1

我正在尝试调整对 Carrot2 REST API 的调用:

        $client = new Client();
        try {
            $params = [
                'multipart'=> [
                    ['name'=> 'dcs.c2stream', 'contents' => $xml],
                    ['name' => 'dcs.algorithm', 'contents' => 'lingo'],
                    ['name' => 'dcs.output.format', 'contents' => 'JSON'],
                    ['name' => 'dcs.clusters.only', 'contents' => 'true'],
                    ['name' => 'MultilingualClustering.defaultLanguage', 'contents' => 'FRENCH'],
                    ['name' => 'preprocessing.labelFilters.minLengthLabelFilter.minLength', 'contents' => 5],
                    ['name' => 'preprocessing.documentAssigner.minClusterSize', 'contents' => 4]
                ],
                'debug' => false
            ];
$response = $client->request('POST', 'http://devbox:8080/dcs/rest', $params);

术语参数“preprocessing.labelFilters.minLengthLabelFilter.minLength”和“preprocessing.documentAssigner.minClusterSize”对请求没有影响。

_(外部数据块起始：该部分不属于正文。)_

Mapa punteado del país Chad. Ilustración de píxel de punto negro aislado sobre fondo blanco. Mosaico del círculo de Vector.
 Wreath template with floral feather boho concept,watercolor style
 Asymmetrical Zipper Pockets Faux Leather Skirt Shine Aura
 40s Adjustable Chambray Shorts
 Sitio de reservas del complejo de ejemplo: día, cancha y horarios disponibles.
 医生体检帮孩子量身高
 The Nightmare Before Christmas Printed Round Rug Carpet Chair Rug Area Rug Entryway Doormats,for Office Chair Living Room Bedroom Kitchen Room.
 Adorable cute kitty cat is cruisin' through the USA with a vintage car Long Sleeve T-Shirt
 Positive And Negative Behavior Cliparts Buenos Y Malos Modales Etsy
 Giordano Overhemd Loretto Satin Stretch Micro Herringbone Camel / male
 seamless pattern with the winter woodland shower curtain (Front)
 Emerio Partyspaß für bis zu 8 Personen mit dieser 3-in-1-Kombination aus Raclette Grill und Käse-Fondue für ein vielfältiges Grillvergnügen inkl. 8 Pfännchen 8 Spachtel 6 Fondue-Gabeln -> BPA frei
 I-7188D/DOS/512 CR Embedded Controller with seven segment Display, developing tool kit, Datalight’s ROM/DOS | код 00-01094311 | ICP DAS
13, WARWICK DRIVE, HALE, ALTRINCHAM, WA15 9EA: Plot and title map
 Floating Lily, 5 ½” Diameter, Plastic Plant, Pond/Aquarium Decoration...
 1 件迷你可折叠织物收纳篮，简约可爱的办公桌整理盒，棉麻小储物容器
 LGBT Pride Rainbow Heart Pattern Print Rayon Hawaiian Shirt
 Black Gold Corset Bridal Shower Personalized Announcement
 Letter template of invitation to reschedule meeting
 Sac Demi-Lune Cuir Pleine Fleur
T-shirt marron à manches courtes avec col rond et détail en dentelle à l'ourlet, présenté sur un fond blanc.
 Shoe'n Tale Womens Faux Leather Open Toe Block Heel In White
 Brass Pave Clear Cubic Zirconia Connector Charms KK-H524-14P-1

我在 lingo algorithm 的文档中找到了它们。

感谢帮助 !

4

1 回答 1

1

有了好的 docker 镜像,一切都很好(docker pull touane/carrot2):

        $c2Payload = [
        'algorithm' => 'Lingo',
        'language' => 'French',
        'parameters' => [
            'preprocessing' => [
                'documentAssigner' => [
                    'minClusterSize' => 4
                ],
                'labelFilters' => [
                    'minLengthLabelFilter' => [
                        'minLength' => 8
                    ],
                    'completeLabelFilter' => [
                        'labelOverrideThreshold' =>  0.35
                    ]
                ]
            ],
            'scoreWeight' => 1, // Tri par score
            'clusterBuilder' => [
                'phraseLabelBoost' => 2.5
            ],
            'dictionaries' => [
                'wordFilters' => [
                    ['exact' => $this->getParameter('carrot2')['stop_words']]
                ]
            ],
            'matrixBuilder' => [
                'termWeighting' => [
                    '@type' => 'LinearTfIdfTermWeighting'
                ],
                'boostFields' => ['title']
            ]
        ],
        'documents' => []
    ];

            $client = new Client();
        $params = [
            'body' => json_encode($c2Payload ),
            'debug' => false
        ];
        $response = $client->request('POST', $this->getParameter('carrot2')['url'], $params);
于 2021-07-27T12:14:19.993 回答